Last week, Swim Ireland unveiled the appointment of two assistant head coaches in their national performance programme.
Steven Beckerleg, formerly of Plymouth Leander, and Bethany Carson have joined National Performance Director Jon Rudd in at Abbottstown, with a National Head Coach yet to be named.
Beckerleg, 28, and Carson, 25, both boast impressive records as swimmers in their own right - representing England and Ireland respectively at the Commonwealth Games.
Their appointments signal a more youthful approach to Swim Ireland's programme and Carson says that this will be positive for athlete development.
"Because it’s an assistant coach role, we’ll always be working under someone for guidance," she tells Newstalk.com.
"But we can relate to the swimmers, what they’re going through and the feeling they have during their training. It’s nice to know you can talk to them because you've experienced it."

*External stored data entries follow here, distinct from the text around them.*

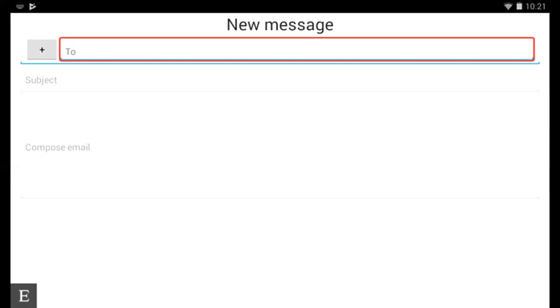But to send an email using the email suggestions, I know that there is an email address that's in my inbox and I know her name is Jessica. So I'm going to type in J-E-S.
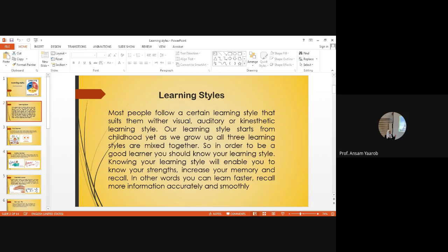Our learning style starts from childhood. Yet, as we grow up, all three learning styles are mixed together. As we grow up, the three learning styles merge together. So, in order to be a good learner, you should know your learning style. Knowing your learning style will enable you to know your strength, increase your memory and recall. In other words, you can learn faster. Recall more information accurately and smoothly. Accurately means precisely and smoothly means with ease.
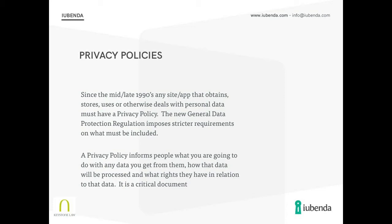The policy is about information — it's about informing people about what you are going to do with their data. What data do you take from them? How does that data get processed? What rights do people have in relation to their data that you hold? And this is an absolutely critical document.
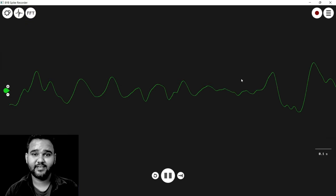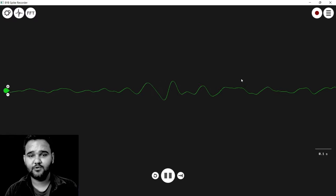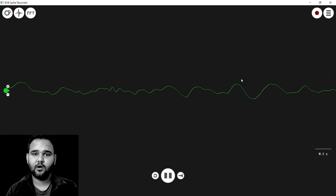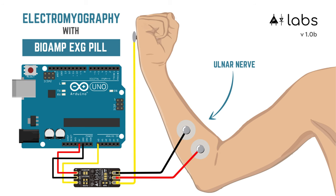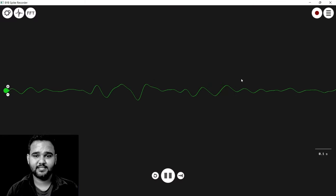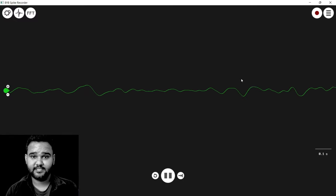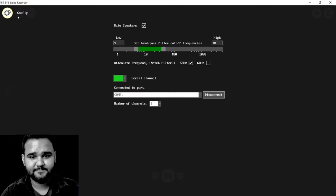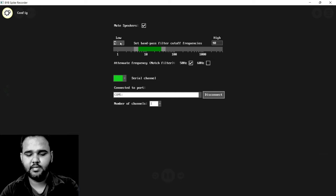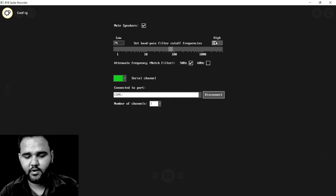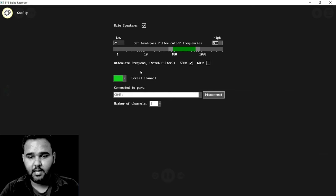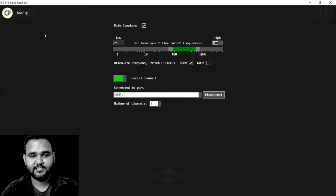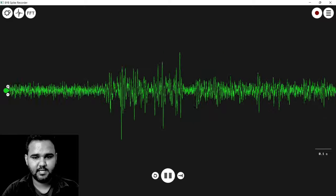I hope you were able to easily record your ECG signal. Now let's see how to record the EMG signal. We are going to record the EMG signal from our ulnar nerve. A connection diagram is being shown on screen — just make the connection and come back. I've already made the connection, but the configuration is still set for ECG. I'll go to Settings and change the lowest frequency to 74 Hz and the highest frequency to 740 Hz.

Bethany Carson representing Ireland at the 2013 European Short Course Swimming Championships. Image: ©INPHO/Andrea Staccioli
Carson has competed for Ireland for 10 years before calling time on her swimming career almost two years ago.
"I was coming into the end of my degree in sports science in DCU and felt it was the right time to focus on my studies. I wasn’t progressing like I had been before."
Coaching
After competing, the Lisburn native stayed involved with the organisation and said coaching was always an option she had considered.
"I’ve been involved in other programmes. I was involved in Swim Ireland’s Swim for a mile project which was around getting adults involved in swimming.
"I took part for about six months and found it really natural. I’ve been involved with the high performance previously."
Swim Ireland noted this year that they had "put in place a restructured programme for 2017 and beyond."
The revised framework "sets out a vision of a long-term, systemic approach to achieving consistent medal success at Olympic and World level."
The organisation say that the framework would be "centred on the people within the system – athletes, coaches, support staff and administrators – and focuses on developing a culture of personal excellence that builds their capability to operate successfully at the highest levels of World Sport."
With this new ethos, Carson says she's looking forward to the new direction.
"It’s an exciting time, there’s a lot of fresh faces. It’s very swimmer orientated in that the athlete is being treated like a person and not just as a swimmer."
Currently, the aim is to help the new team transition and settle as quickly as possible, before they meet for a strategic meeting in two weeks time.
"We're trying to help out the guys in the performance centre, after a difficult few months without a settled coach. Dave Malone, head coach at the NAC, has bee helping out a great deal. As well as existing coach, Hayley Burke."
Ireland's Olympic swimmers (l-r) Nicholas Quinn, Shane Ryan and Fiona Doyle ahead of last summer's Games in Rio. Image: ©INPHO/James Crombie
Much of Ireland's talent pool train and reside here, with some working on the National Sports Campus in Abbottstown.
Others, like Olympians Nicholas Quinn and Fiona Doyle, have continued their training abroad. Carson says that the new programme will see the 'isolation' of these athletes reduced.
"They'll still be continuously monitored. We're constantly in touch and getting fed back information, they'll be coming over every now and then to train together in the centre."
Monday will see competitors unveiled for World and Junior World Championship competitors later this year.